The paper, which will be published online in the European Geosciences Union journal Atmospheric Chemistry and Physics Discussion later this week, projects sea levels rising as much as 10 feet in the next 50 years.
The paper notes there is evidence indicating that average temperatures just 1 degree Celsius warmer than today caused sea levels to rise 16 to 30 feet and fed extreme storms thousands of years ago.
Hansen and 16 co-authors drafted the paper as a message to policymakers that current greenhouse-gas reduction goals are not strong enough. World leaders have committed to limiting average warming to 2 degrees Celsius (3.6 degrees Fahrenheit), a goal articulated in the Copenhagen Accord in 2009 and reiterated by G7 leaders in June.
"The message for policymakers is that we have a global crisis that calls for international cooperation to reduce emissions as rapidly as practical," wrote the authors.
Their projections are based on an anticipated accelerated melting of ice sheets in Greenland and Antarctica due to rising atmospheric concentrations of heat-trapping greenhouse gases. The melting ice sheets will put more cold, fresh water into the oceans, changing circulation patterns and ultimately causing even more melting of the ice sheets -- thus causing sea levels to rise much, much faster than other projections have forecast.

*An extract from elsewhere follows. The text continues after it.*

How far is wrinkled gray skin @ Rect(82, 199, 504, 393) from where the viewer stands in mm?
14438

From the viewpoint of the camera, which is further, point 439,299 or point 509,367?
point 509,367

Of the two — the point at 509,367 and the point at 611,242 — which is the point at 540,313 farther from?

"We conclude that continued high emissions will make multi-meter sea level rise practically unavoidable and likely to occur this century," the scientists wrote. "Social disruption and economic consequences of such large sea level rise could be devastating."
Hansen, who was the director of NASA's Goddard Institute for Space Studies until April 2013 and is now an adjunct professor in the Department of Earth and Environmental Sciences at Columbia University, has been warning about climate threats for years. He's moved from dispassionately investigating the science to actively advocating for specific solutions to the problem. As Eric Holthaus at Slate put it, Hansen "is known for being alarmist and also right."
The paper has already ruffled some, including Associated Press science writer Seth Borenstein, who said on Twitter that he would not cover it -- primarily because it had not yet been peer-reviewed, a process that allows other scientists to critique the work.
The Washington Post's Chris Mooney asked other climate experts to weigh in on the paper. While many said it raised key discussion points, Kevin Trenberth of the National Center for Atmospheric Research called it "provocative and intriguing but rife with speculation and 'what if' scenarios."